Now I may need to re-read it once more! Thanks for the post.
Anna Bowling
3. AnnaBowling
When I saw the title of this piece, I actually squeed. It's been years (pun unintended) since I've read Teddy and Linnea's story, but it all came flooding back to me merely by the briefest of mentions, which is always the mark of a classic story. I loved the depth and complexity of Spencer's books, and if she ever did want to return to publishing, we'll leave the light on for her.
Sheri Moore
4. Donna Alward
I love LaVyrle's books. VOWS was the first romance I ever read; I cut my teeth on her books and have read each one so many times they are falling apart.
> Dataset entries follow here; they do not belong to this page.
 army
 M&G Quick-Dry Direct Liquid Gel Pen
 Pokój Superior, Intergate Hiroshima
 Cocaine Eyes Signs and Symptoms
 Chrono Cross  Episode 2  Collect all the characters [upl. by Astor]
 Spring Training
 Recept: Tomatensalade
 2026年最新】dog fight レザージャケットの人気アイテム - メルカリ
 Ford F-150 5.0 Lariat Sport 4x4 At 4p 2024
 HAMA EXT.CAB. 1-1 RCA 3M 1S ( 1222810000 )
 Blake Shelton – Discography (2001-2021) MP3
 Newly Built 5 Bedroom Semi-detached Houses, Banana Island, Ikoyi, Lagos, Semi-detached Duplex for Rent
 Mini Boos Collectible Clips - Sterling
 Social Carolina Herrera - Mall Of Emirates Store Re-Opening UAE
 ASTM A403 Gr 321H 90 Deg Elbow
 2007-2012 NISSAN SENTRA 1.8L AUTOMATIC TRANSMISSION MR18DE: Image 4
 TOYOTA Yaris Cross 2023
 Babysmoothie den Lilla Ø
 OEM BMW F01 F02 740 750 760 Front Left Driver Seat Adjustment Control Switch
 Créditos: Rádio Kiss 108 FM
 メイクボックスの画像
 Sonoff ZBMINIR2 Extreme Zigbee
YEARS is one of my favorites. Who can forget "Will You Merry Me?"??? Thanks for the great post - makes me want to go and read the entire backlist again. Morning Glory is also a fave of mine. Maybe I'll grab it next.
Sheri Moore
5. hww
Thanks for writing about one of my all time favorite writers. Yes, I was heartbroken when she retired because all of her books are classics and should be reread yearly. I guess BITTERSWEET is my all time classic romance favorite, but I really loved them all.
Mary Lynne Nielsen
6. emmel
Spencer is a classic, and I hope new-to-the-genre readers discover her. I love the way her heroes are absolutely wonderful without having to go all alpha. And how her heroines always have a core dignity and strength.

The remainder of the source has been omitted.